── AVAILABLE RECORDS
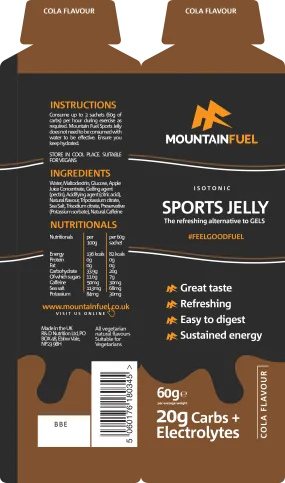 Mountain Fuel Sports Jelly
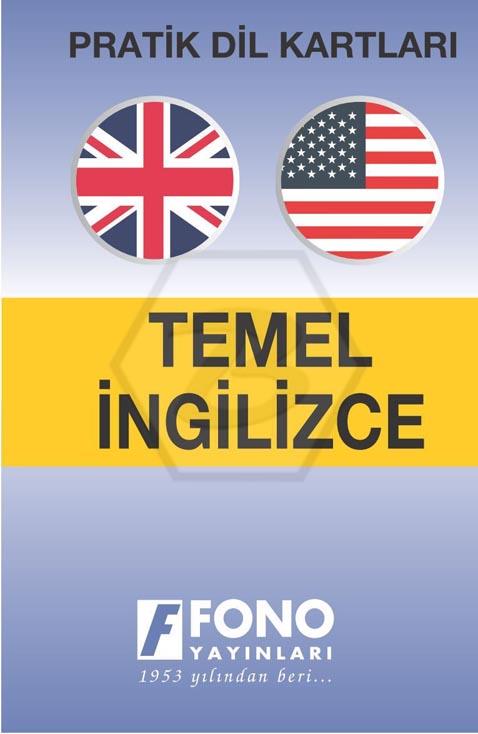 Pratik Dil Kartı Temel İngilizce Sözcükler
────
── AVAILABLE RECORDS
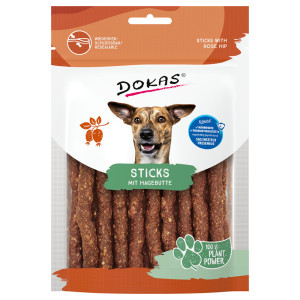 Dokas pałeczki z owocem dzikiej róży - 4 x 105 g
────
Copy back exactly the lines above from the one containing "Mountain Fuel Sports Jelly" through the one containing "Pratik Dil Kartı Temel İngilizce Sözcükler", and leave every picture behind.

## REPLY
 Mountain Fuel Sports Jelly
 Pratik Dil Kartı Temel İngilizce Sözcükler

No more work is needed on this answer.